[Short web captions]
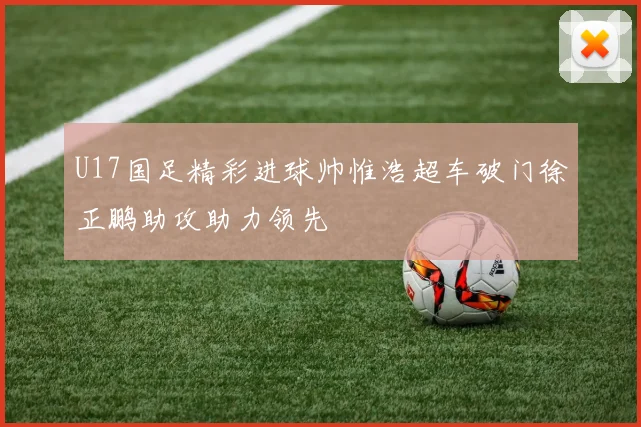 U17国足精彩进球帅惟浩超车破门徐正鹏助攻助力领先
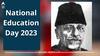 National Education Day 2023: ਤੁਹਾਨੂੰ ਵੀ ਮੌਲਾਨਾ ਅਬੁਲ ਕਲਾਮ ਆਜ਼ਾਦ ਬਾਰੇ ਇਹ ਖਾਸ ਗੱਲਾਂ ਪਤਾ ਹੋਣੀਆਂ ਚਾਹੀਦੀਆਂ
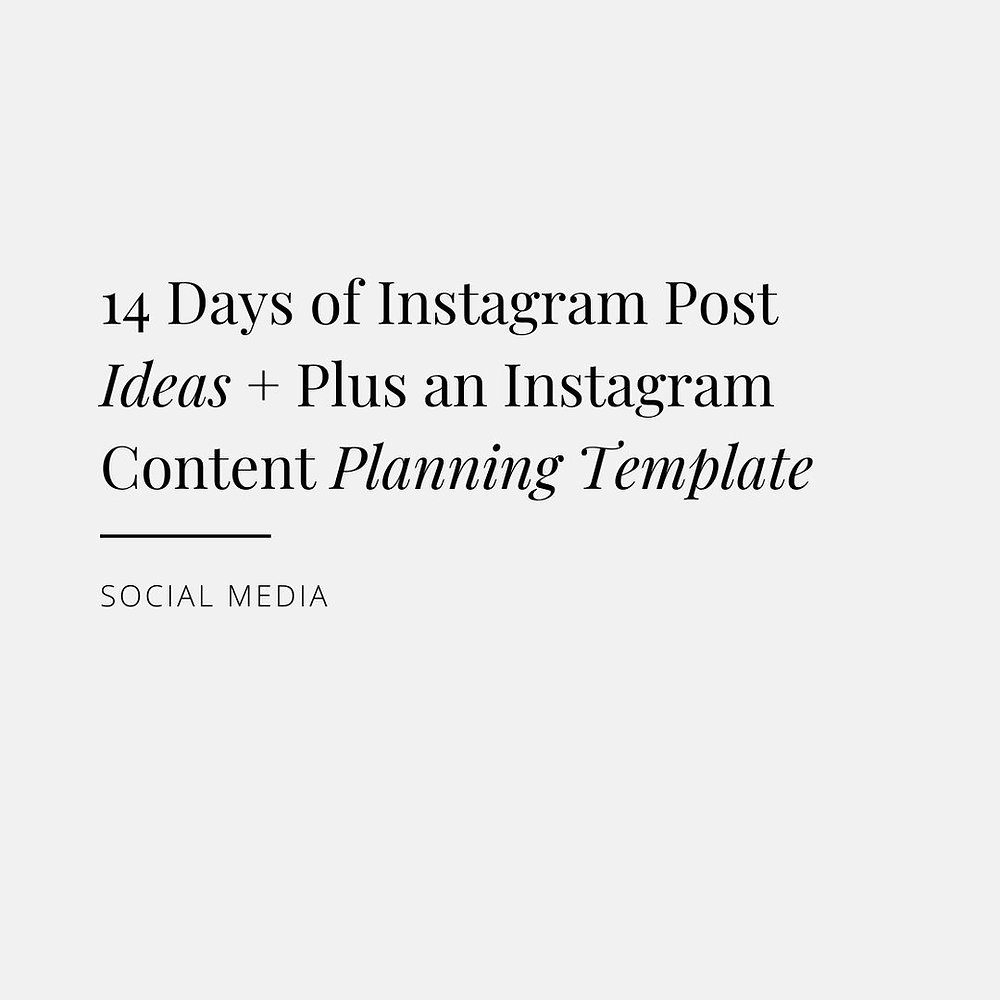 14 Days Of Instagram Post Ideas Plus An Instagram Content Planning 14-days-of-instagram-post-ideas-plus-an-instagram-content-planning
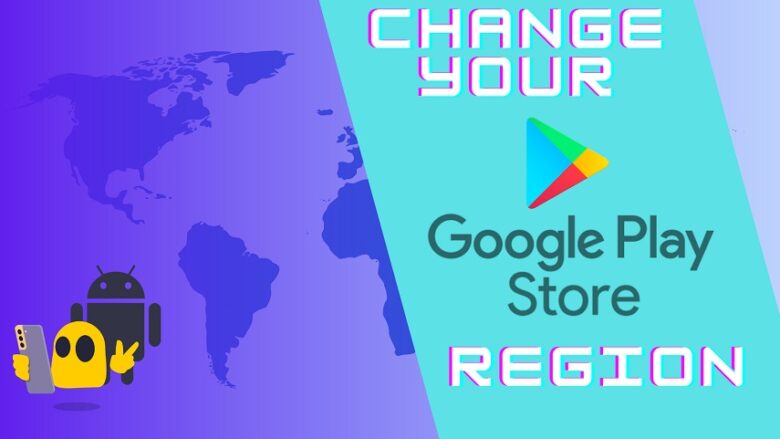 تغییر کشور در گوگل پلی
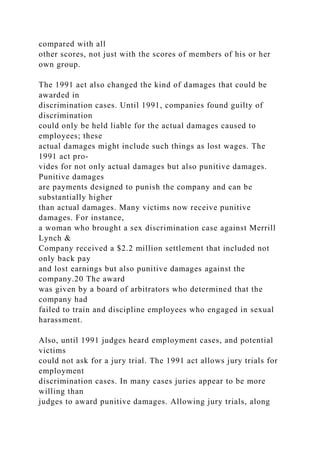 compared with all
other scores, not just with the scores of members of his or her
own group.
The 1991 act also changed the kind of damages that could be
awarded in
discrimination cases. Until 1991, companies found guilty of
discrimination
could only be held liable for the actual damages caused to
employees; these
actual damages might include such things as lost wages. The
1991 act pro-
vides for not only actual damages but also punitive damages.
Punitive damages
are payments designed to punish the company and can be
substantially higher
than actual damages. Many victims now receive punitive
damages. For instance,
a woman who brought a sex discrimination case against Merrill
Lynch &
Company received a $2.2 million settlement that included not
only back pay
and lost earnings but also punitive damages against the
company.20 The award
was given by a board of arbitrators who determined that the
company had
failed to train and discipline employees who engaged in sexual
harassment.
Also, until 1991 judges heard employment cases, and potential
victims
could not ask for a jury trial. The 1991 act allows jury trials for
employment
discrimination cases. In many cases juries appear to be more
willing than
judges to award punitive damages. Allowing jury trials, along
 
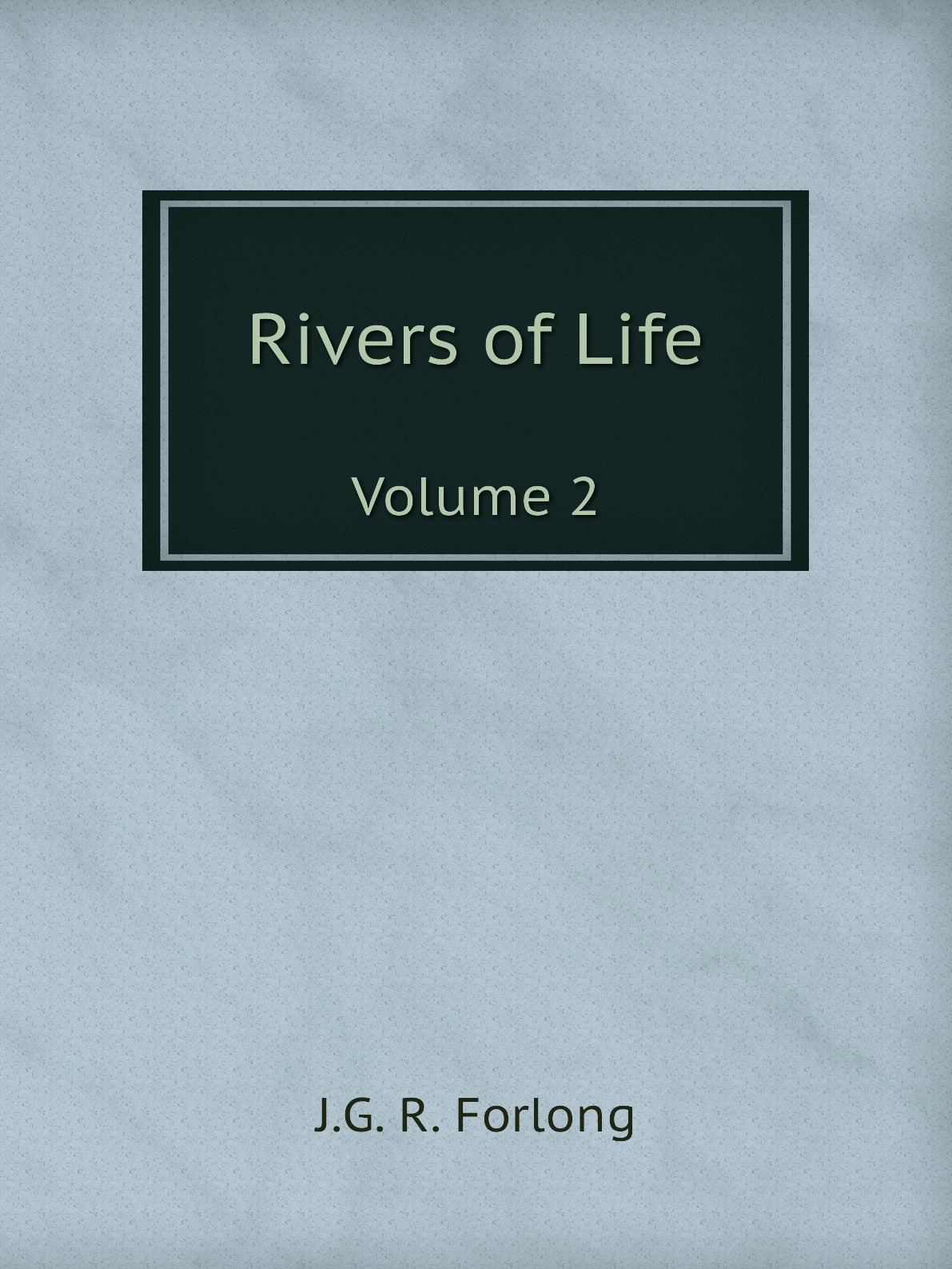 

Rivers of Life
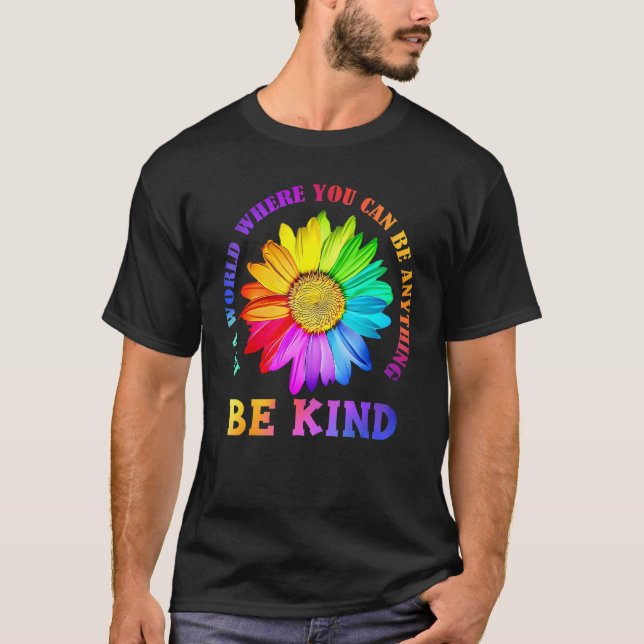 Camiseta Be Kind Daisy Flower Rainbow LGBT Gay Lesbian Prid (Anverso)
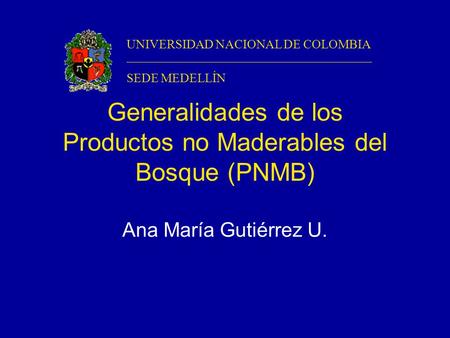 Generalidades de los Productos no Maderables del Bosque (PNMB)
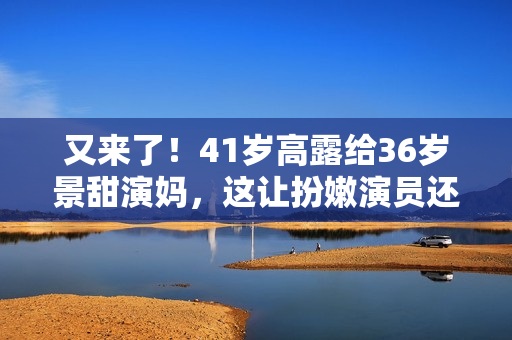 又来了！41岁高露给36岁景甜演妈，这让扮嫩演员还咋玩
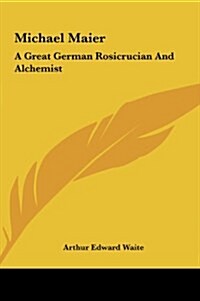 Michael Maier: A Great German Rosicrucian and Alchemist a Great German Rosicrucian and Alchemist (Hardcover)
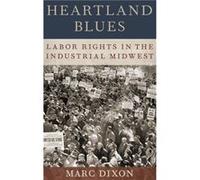 Heartland Blues - Marc Dixon - Oxford University Press - Livre en Anglais - Hardback Marc DixonMarc Dixon (Auteur)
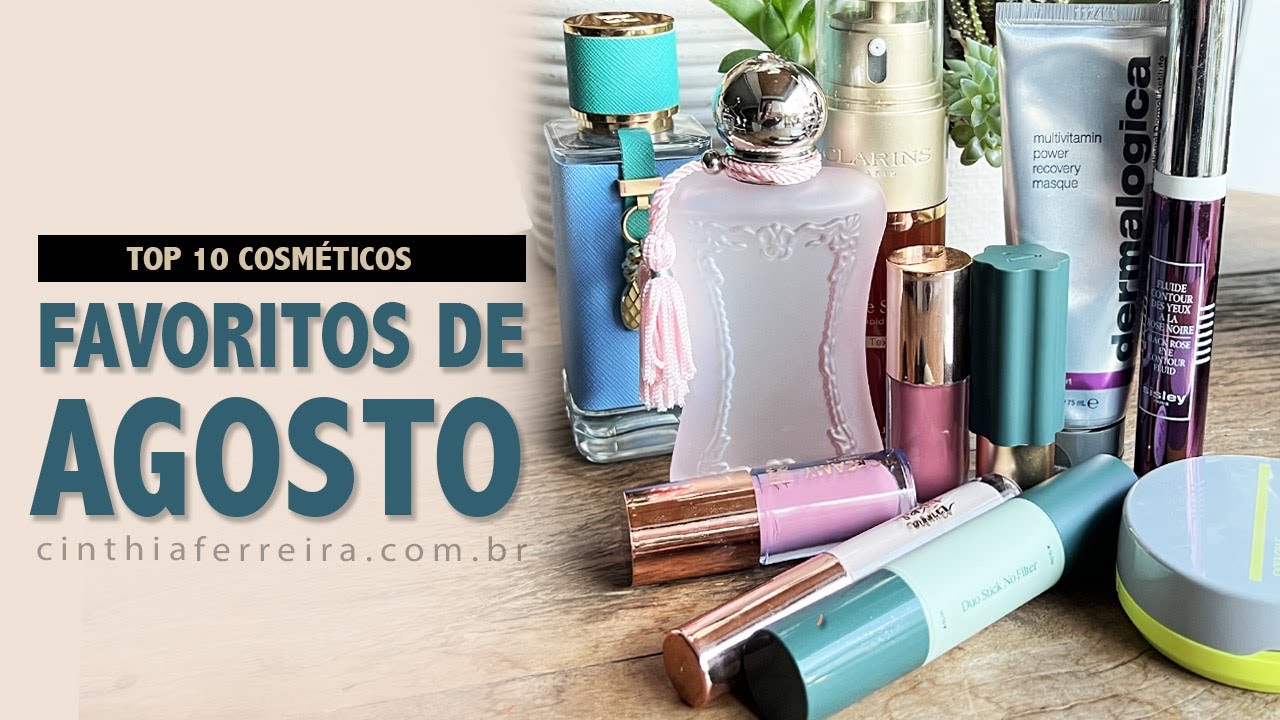 Top 10 Favoritos de Agosto | Maquiagem, Perfumes e Skincare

AIM OF THE TASK: Extract every line above containing the word "judges".

ANSWER TO THIS EXERCISE:
Also, until 1991 judges heard employment cases, and potential
judges to award punitive damages. Allowing jury trials, along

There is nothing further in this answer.